PROBLEM TO WORK ON: An exact copy of every entry is required, minus the pictures.

Top of THE DATA

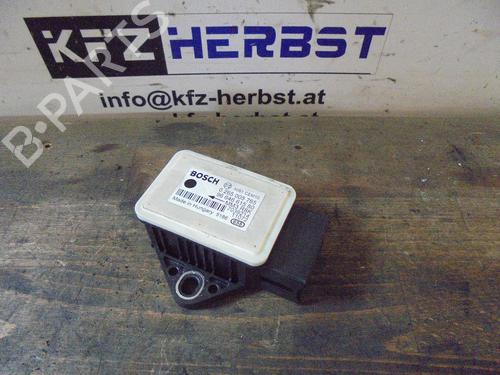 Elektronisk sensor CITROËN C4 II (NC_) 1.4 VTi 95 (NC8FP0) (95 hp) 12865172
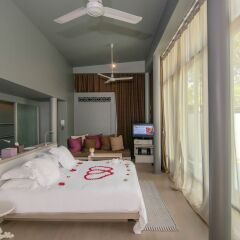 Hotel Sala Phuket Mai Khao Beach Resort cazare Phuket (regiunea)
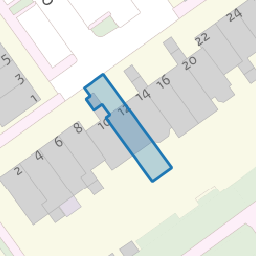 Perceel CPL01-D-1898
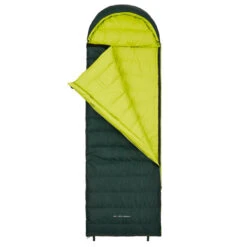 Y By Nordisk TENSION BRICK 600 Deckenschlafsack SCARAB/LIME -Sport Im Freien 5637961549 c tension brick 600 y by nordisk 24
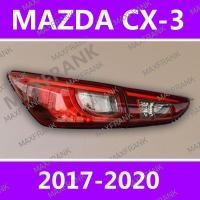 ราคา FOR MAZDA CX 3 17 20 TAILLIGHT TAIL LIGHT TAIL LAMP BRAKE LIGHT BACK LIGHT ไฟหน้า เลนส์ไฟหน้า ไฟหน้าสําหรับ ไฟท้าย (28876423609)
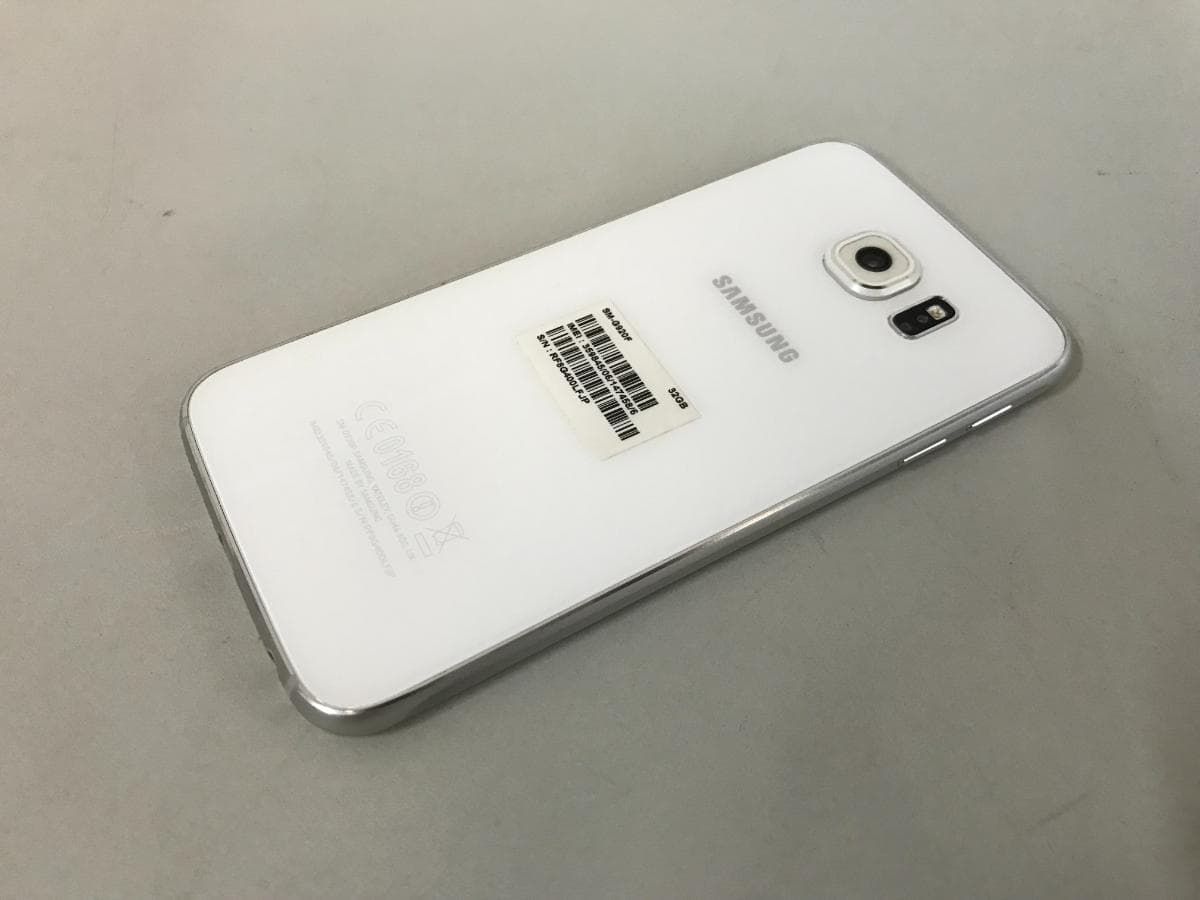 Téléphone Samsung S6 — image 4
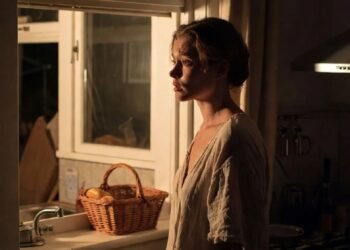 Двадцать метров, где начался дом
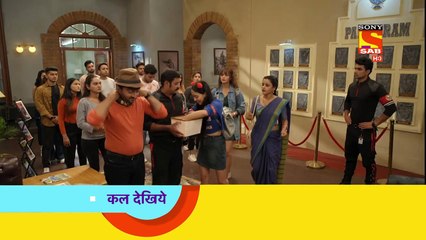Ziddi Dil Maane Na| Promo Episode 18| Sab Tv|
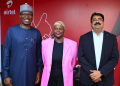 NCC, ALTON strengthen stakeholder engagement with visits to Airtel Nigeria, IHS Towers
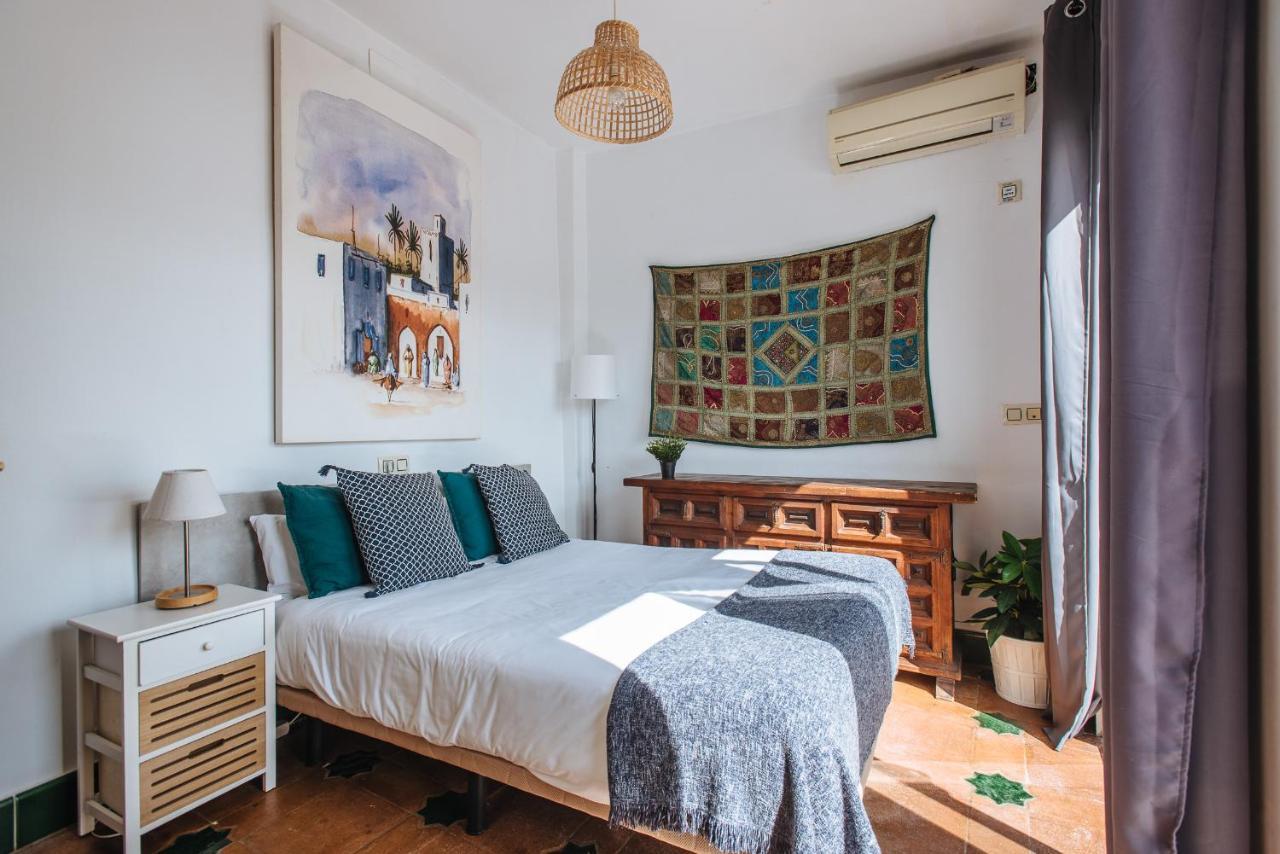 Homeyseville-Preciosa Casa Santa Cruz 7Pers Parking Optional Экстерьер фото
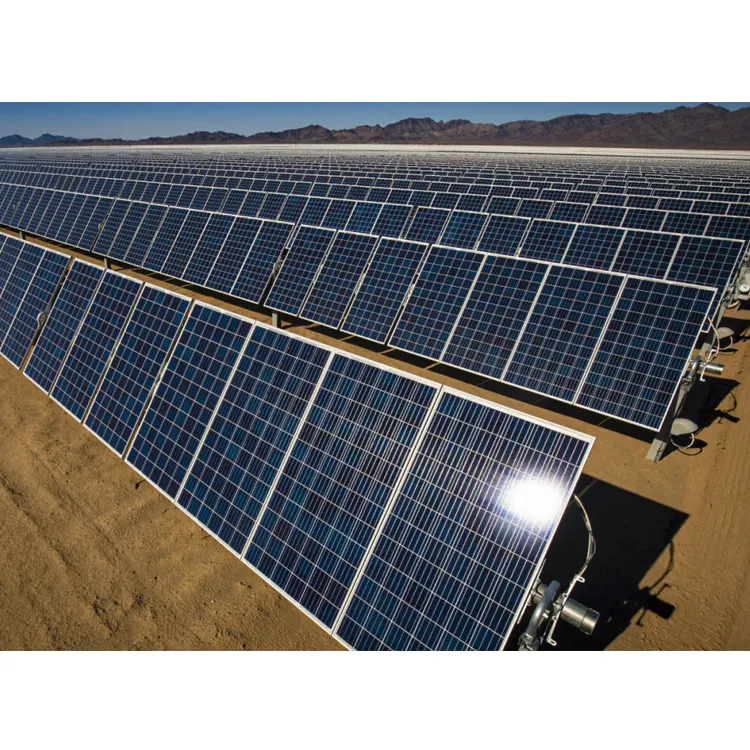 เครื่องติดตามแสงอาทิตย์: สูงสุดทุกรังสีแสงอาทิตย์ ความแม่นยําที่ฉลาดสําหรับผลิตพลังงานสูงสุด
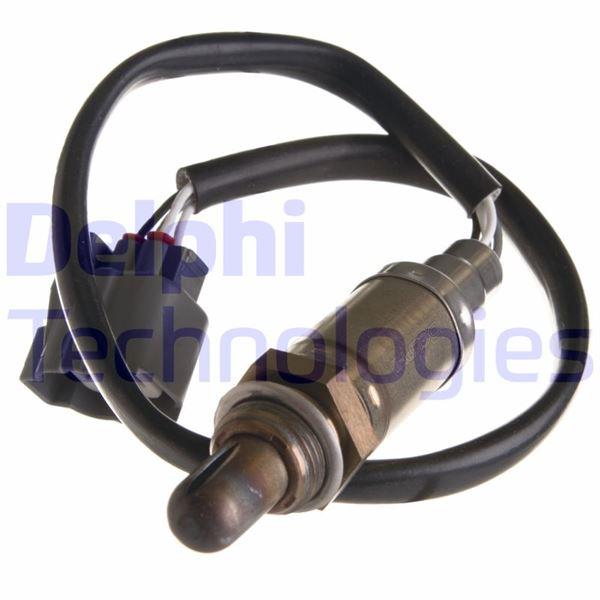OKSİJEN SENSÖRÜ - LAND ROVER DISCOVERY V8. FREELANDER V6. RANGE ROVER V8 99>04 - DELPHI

Bottom of THE DATA

RESULT FOR THIS TASK:
 Elektronisk sensor CITROËN C4 II (NC_) 1.4 VTi 95 (NC8FP0) (95 hp) 12865172
 Hotel Sala Phuket Mai Khao Beach Resort cazare Phuket (regiunea)
 Perceel CPL01-D-1898
 Y By Nordisk TENSION BRICK 600 Deckenschlafsack SCARAB/LIME -Sport Im Freien 5637961549 c tension brick 600 y by nordisk 24
 ราคา FOR MAZDA CX 3 17 20 TAILLIGHT TAIL LIGHT TAIL LAMP BRAKE LIGHT BACK LIGHT ไฟหน้า เลนส์ไฟหน้า ไฟหน้าสําหรับ ไฟท้าย (28876423609)
 Téléphone Samsung S6 — image 4
 Двадцать метров, где начался дом
Ziddi Dil Maane Na| Promo Episode 18| Sab Tv|
 NCC, ALTON strengthen stakeholder engagement with visits to Airtel Nigeria, IHS Towers
 Homeyseville-Preciosa Casa Santa Cruz 7Pers Parking Optional Экстерьер фото
 เครื่องติดตามแสงอาทิตย์: สูงสุดทุกรังสีแสงอาทิตย์ ความแม่นยําที่ฉลาดสําหรับผลิตพลังงานสูงสุด
OKSİJEN SENSÖRÜ - LAND ROVER DISCOVERY V8. FREELANDER V6. RANGE ROVER V8 99>04 - DELPHI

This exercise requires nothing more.